According to Instructional Design Librarian Geri Hopkins and Scholarly Communications Librarian Maura Valentino, the two became aware of a grant from the Washington Student Achievement Council which provides funding for Open Educational Resources (OER). Valentino had the idea that $1000 given to faculty members would provide them with an incentive to change their courses to include OERs.
“We knew a lot of faculty were going to be redesigning their courses anyway and this would be a great way to do the old ‘kill two birds with one stone’ type thing and save their students hundreds of dollars per term,” Hopkins said.
Valentino and Hopkins have identified a path through the gen ed program which requires no textbooks.
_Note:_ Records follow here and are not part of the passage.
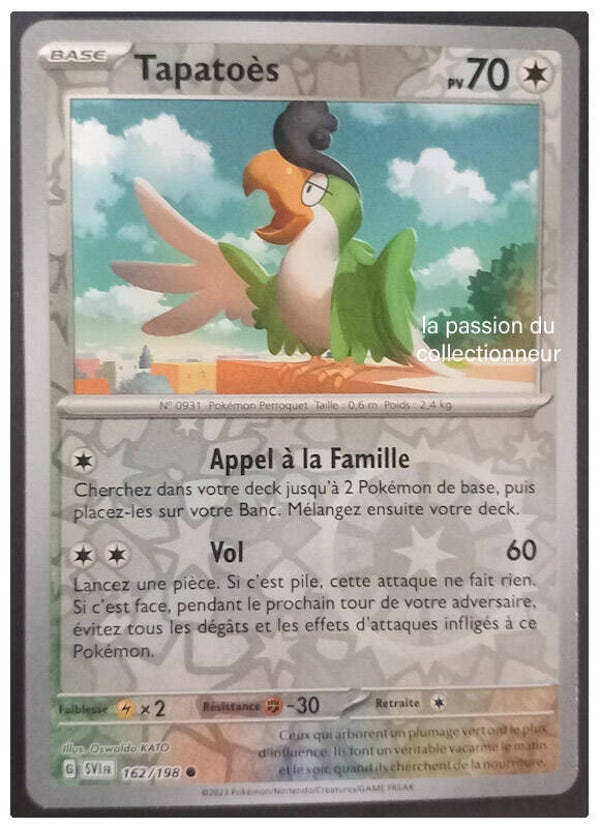 Carte pokémon reverses de Tapatoés 162/198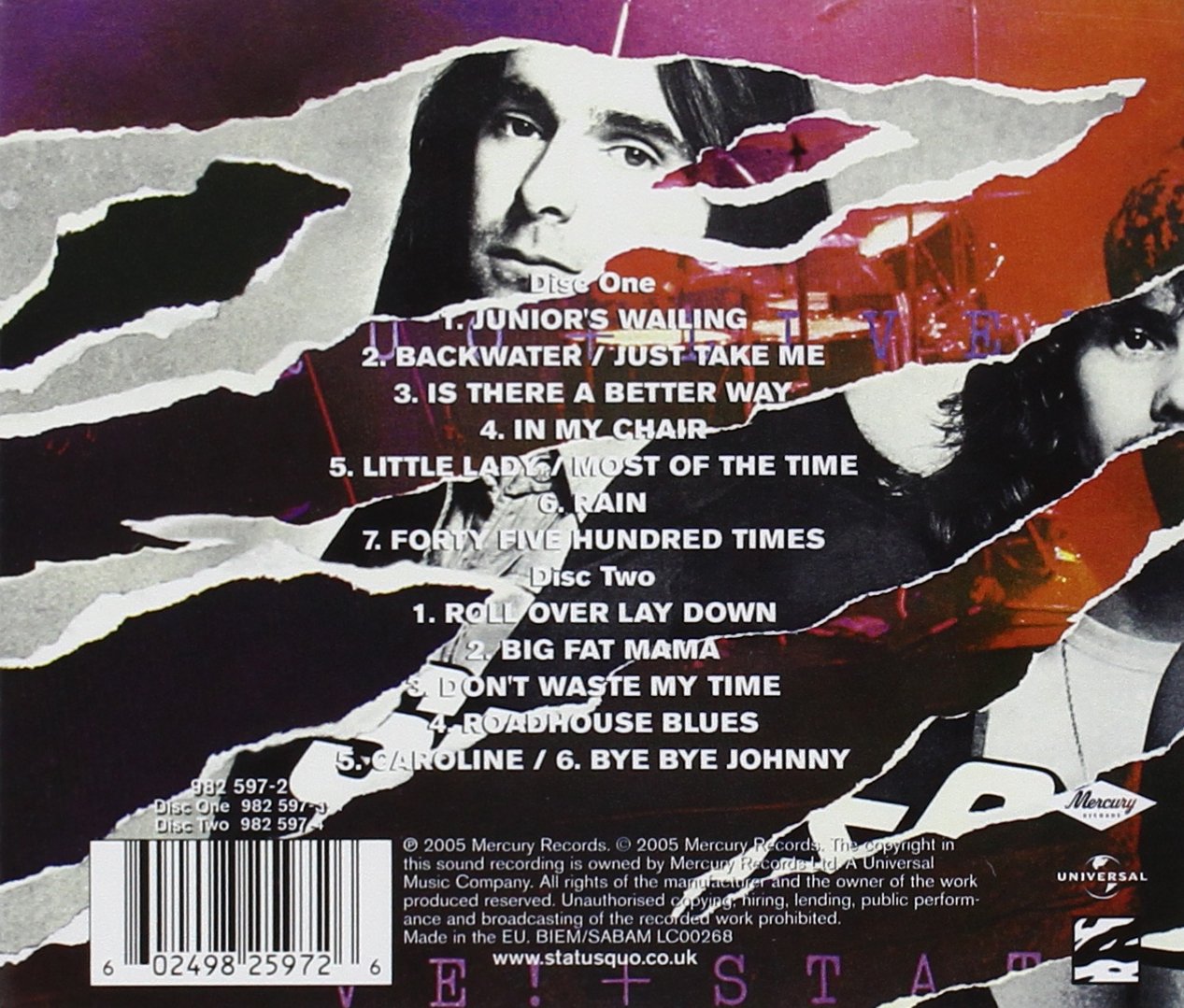 STATUS QUO - LIVE!-REMASTER - Slika 2
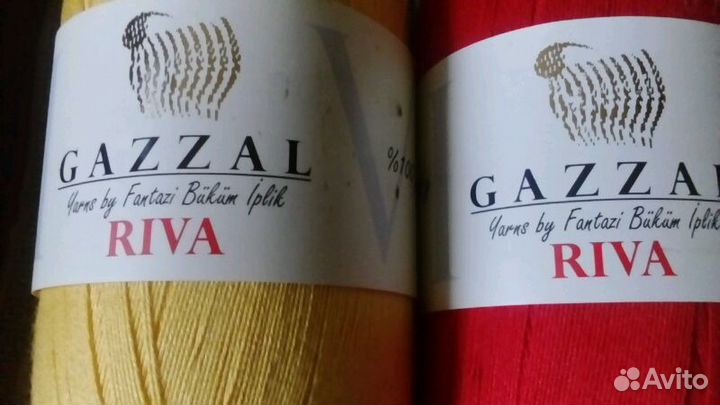 Пряжа Газал рива для вязания. Производство Турция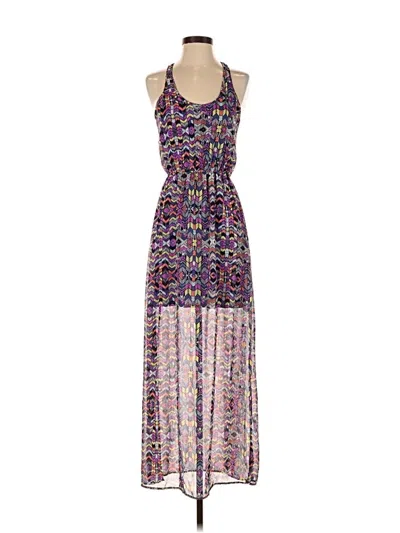 Pre-owned Alya Casual Dress In Purple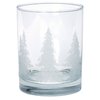 View Image 1 of 1 of On-the-Rocks Glass with Iced Tree Design - 13-1/2 oz.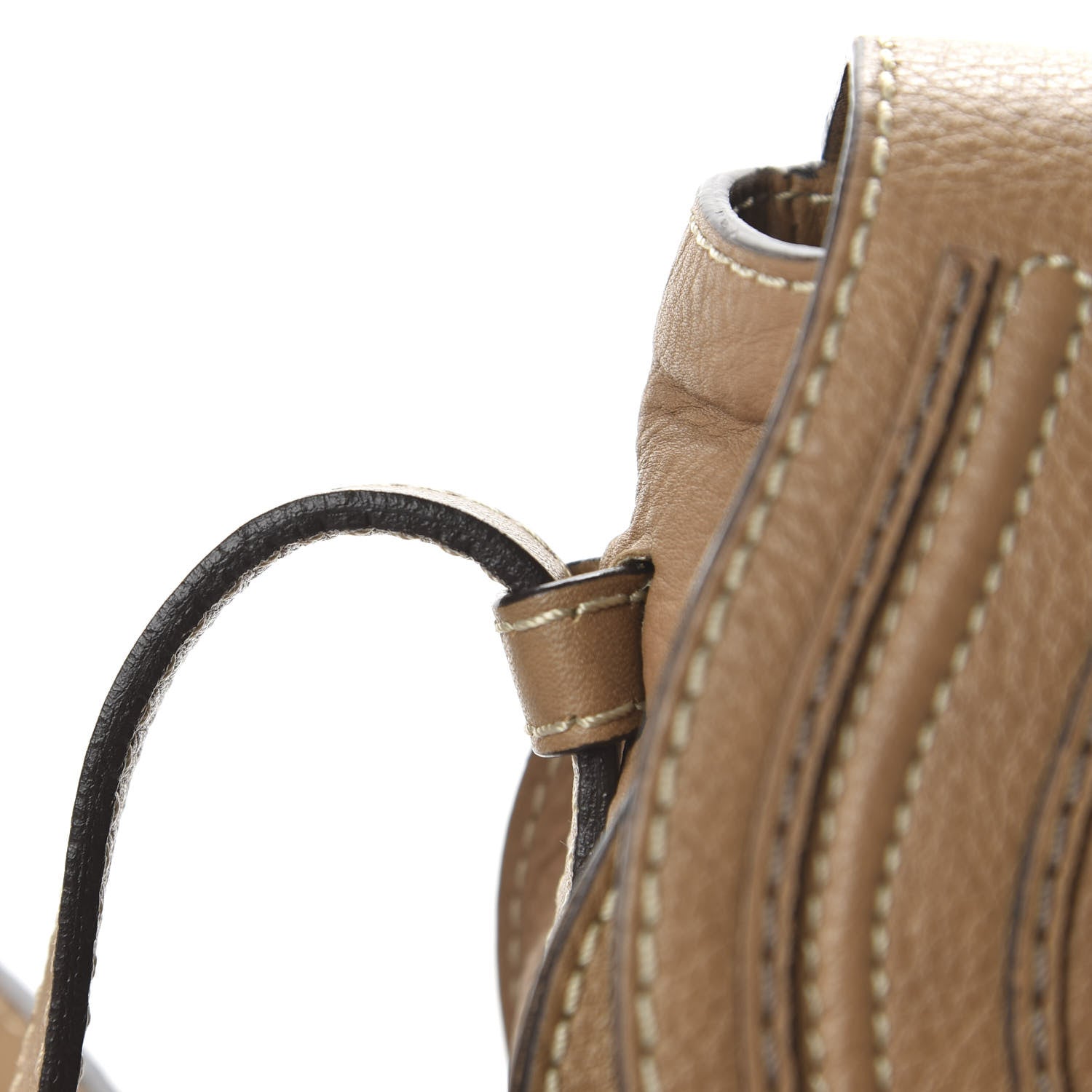 Chloe Calfskin Mini Marcie Round Crossbody Bag Nut 10 of 13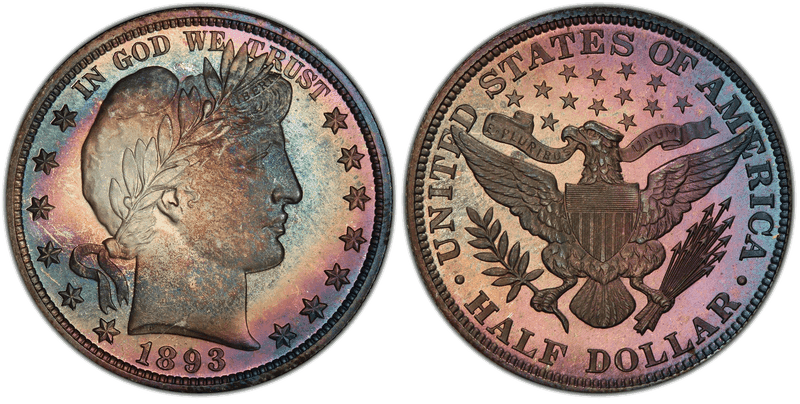 1893 Proof Barber Half Dollar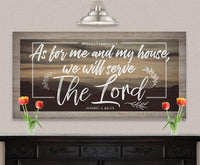 As For Me And My House - Canvas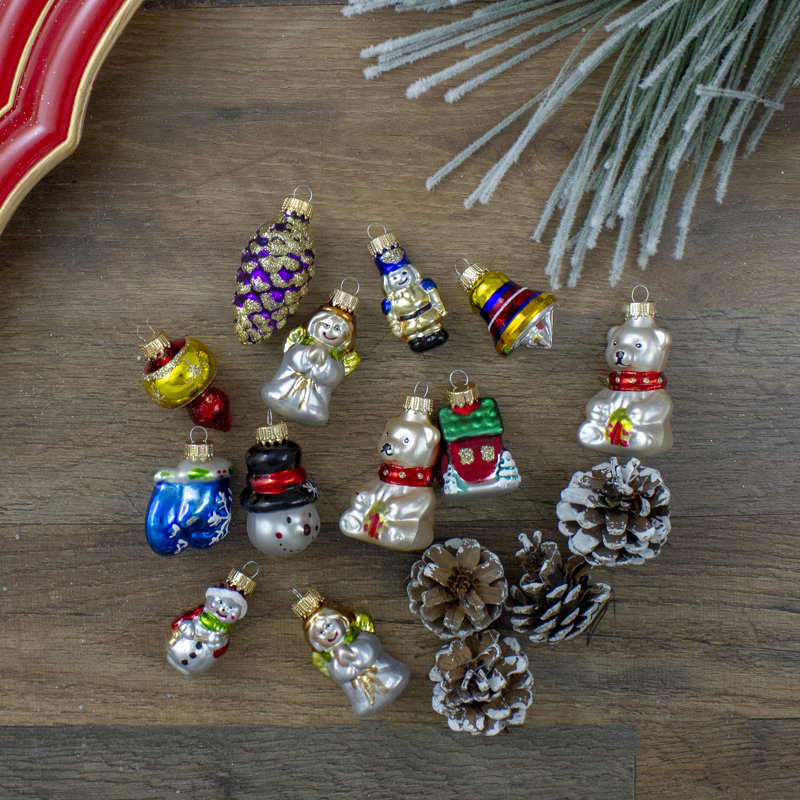 Figurine de Noël en verre 12 carats 12 pièces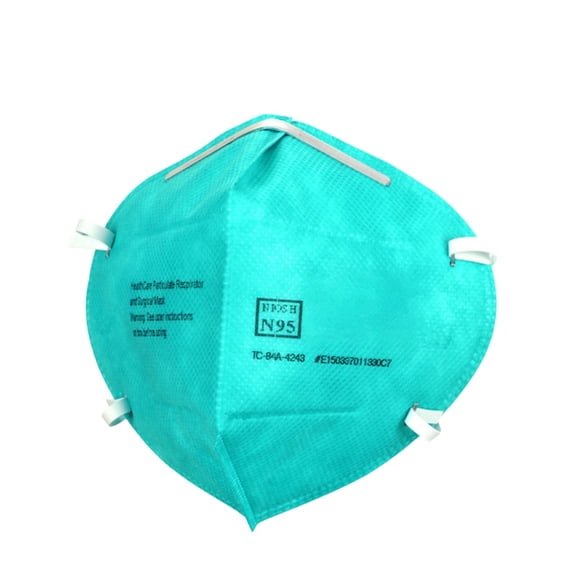 N95 Particulate Respirator Mask Head Mounted Protective Mask For Outdoor Indoor Daily Use(Green-10Cm)
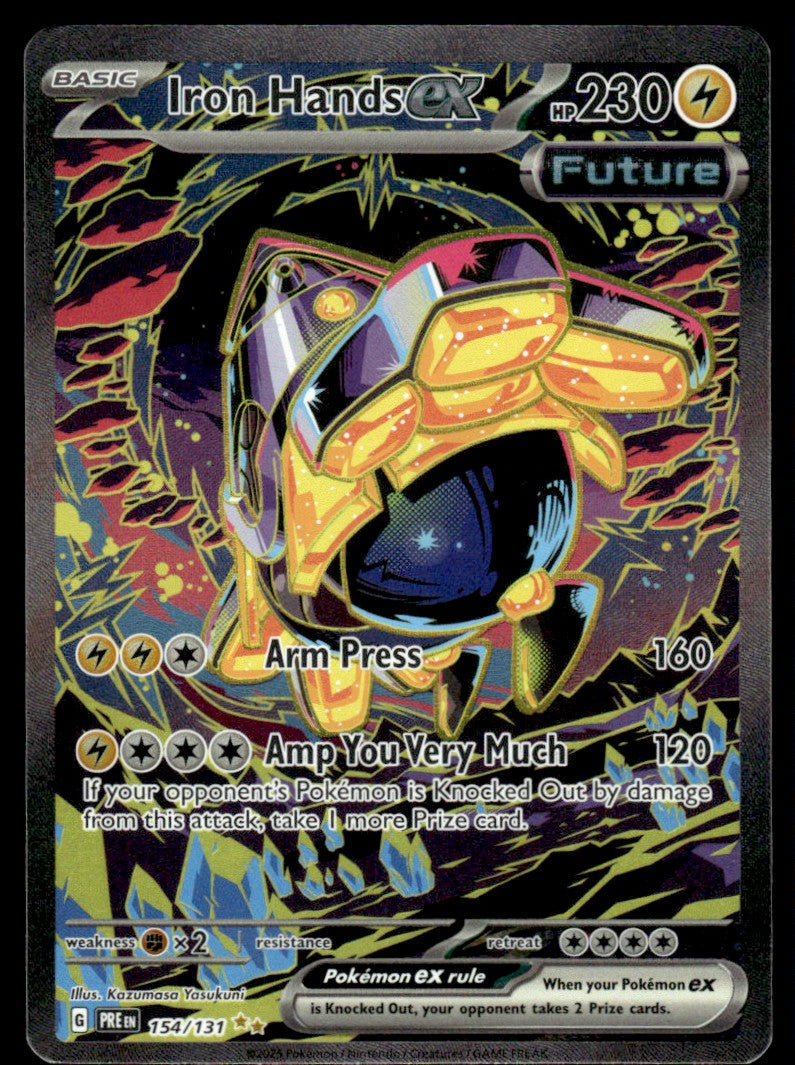 Iron Hands ex 154/131 - Prismatic Evolutions - Scarlet & Violet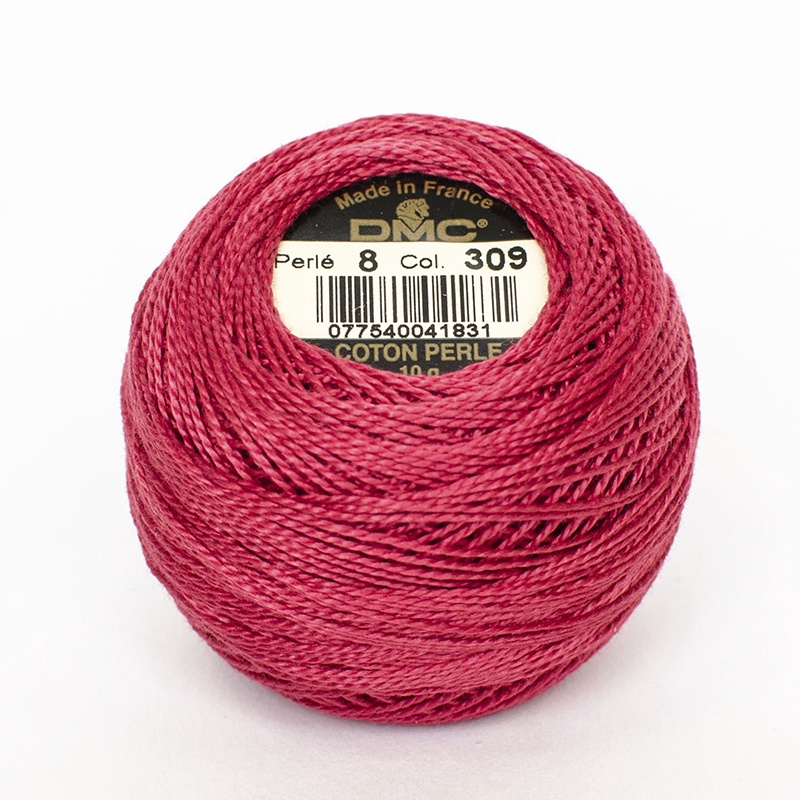 DMC Perle #5 0309 Ultra Very Dark Rose (Skein)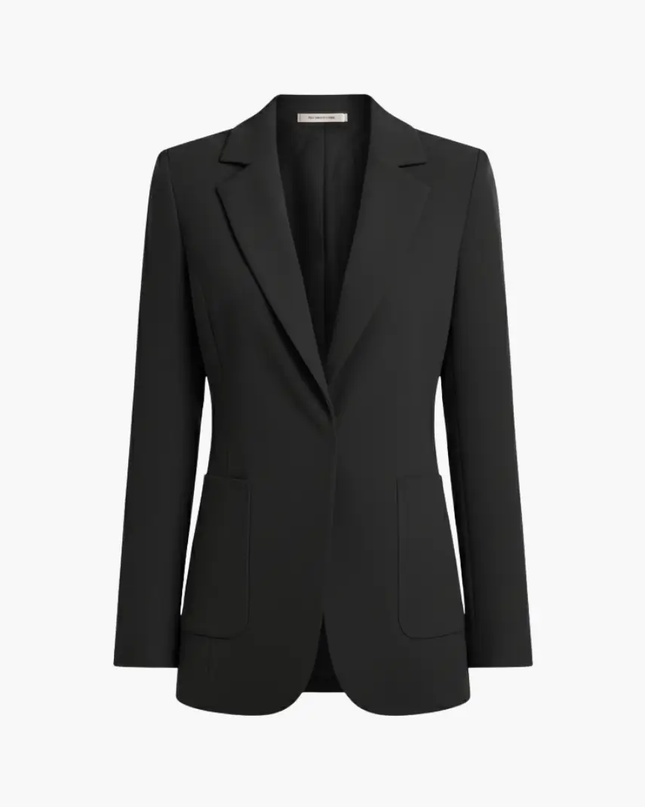Women’s Blazer with Open Front and Long Sleeves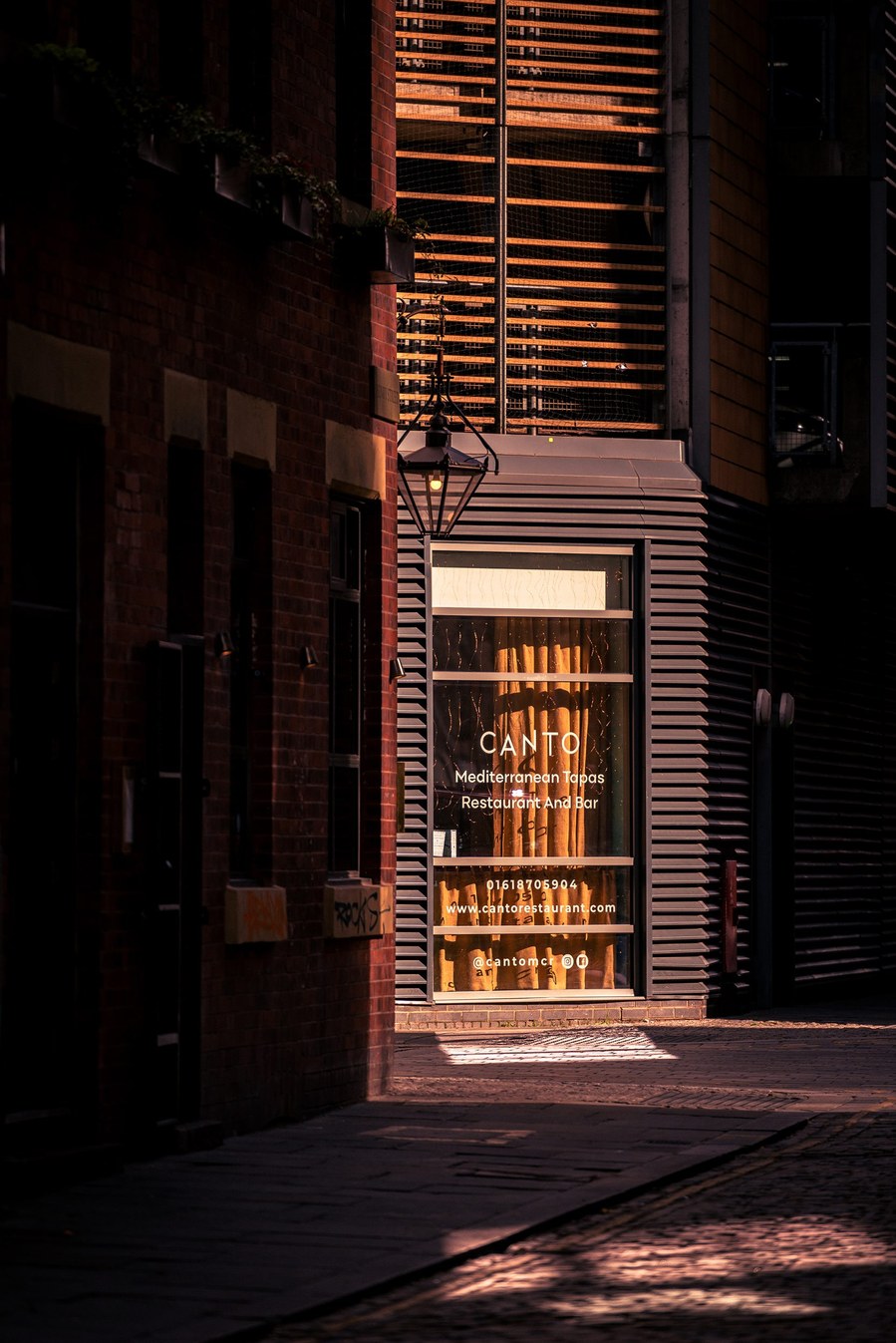 placemaking photography. manchester. norther quarter. architecture. Ancoats, shadows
The two are trying to inform as many students as they can about this option.
“We want students to know, and one of the things we’re trying to implement is to have a designation in the online course scheduler that’ll say ‘there’s your textbook cost,’” Valentino said.
The goal for this feature is to have it implemented in spring quarter. Another option the two are hoping will be eventually included is a “no textbooks” option when students are signing up for classes.
OER programs are appearing all over the country, with Western Washington University also implementing one based on the same Washington Student Achievement Council grant. However, according to Valentino, community colleges have been leading the trend.
“With community college tuition, sometimes the textbooks can be almost as much for a quarter,” Valentino said.
This means that a grant will generally save more people money if it goes to a community college rather than a four-year university. This is the same reason that Valentino and Hopkins are focusing on gen ed courses: more people in each class means that one class transitioning to OERs will save more people more money.
“Let’s face it. When a student has to make a choice between buying food for the next two weeks or buying a textbook, which choice do you think they’re going to make?” Hopkins said.
What replaces the expensive textbooks is important, and according to Valentino and Hopkins, this can vary quite a lot depending on the instructor and the class. Many use existing materials like older textbooks, YouTube videos, Ted Talks, government websites and more. A recent trend has been towards interactive educational resources. PhET, for instance, is a website run by the University of Colorado Boulder which hosts free Science Technology Engineering and Math simulations.
Valentino said the faculty she has worked with on introducing OERs has used a wide variety of alternative open materials. In total, 26 grants were given out, each faculty member getting $1000 each. Valentino also mentioned that another faculty member had written their own materials, and so was given an extra $500.
The campus bookstore, the Wildcat Shop, is run as a nonprofit and therefore has no incentive to oppose OERs. However, according to Valentino, the publishing companies that sell textbooks are pushing back by connecting their textbooks to non-reusable products.
“When you go in as a student, you often try to buy a used textbook,” Hopkins said. “Well if that textbook had a CD or a DVD or a code that goes with it in order to do your work, you’re kind of out of luck. You’re paying for the textbook, but what they really get you on is that code so you can do your Cengage homework or your McGraw Hill homework or your Pearson homework.
According to mathematics professor Emilie Hancock, there is a big movement within mathematics circles towards using OERs. These include online textbooks that are completely free.
“Calculus textbooks kind of contain the same information in different ways,” Hancock said. “So if we can find a free way to do it and still have the same conversation as you would in a math class elsewhere, then I don’t see why you can’t do something like that.”
One of the obstacles, though, is that many math and science classes require that students pay for online coursework. Hancock said she has many colleagues who are trying to create a free, open-source version of these programs.
Because these OERs are being built with the contributions of professors, they are usually based on peer-reviewed information that is readily available and researchable to the public. Faculty members creating their courses can use chapters from one resource, incorporate materials from other books, and include research and articles from all sorts of sources. According to Hopkins, the information is already there, but most faculty simply don’t have the time to assemble it all.
“One of the ways we’ve convinced faculty is that a lot of faculty don’t realize that students just don’t buy the book,” Valentino said. “So they’re teaching in a two-tier classroom where half the students have the materials available to succeed and half of the students don’t. With OERs everybody has the materials on the first day of class and this evens the playing field.”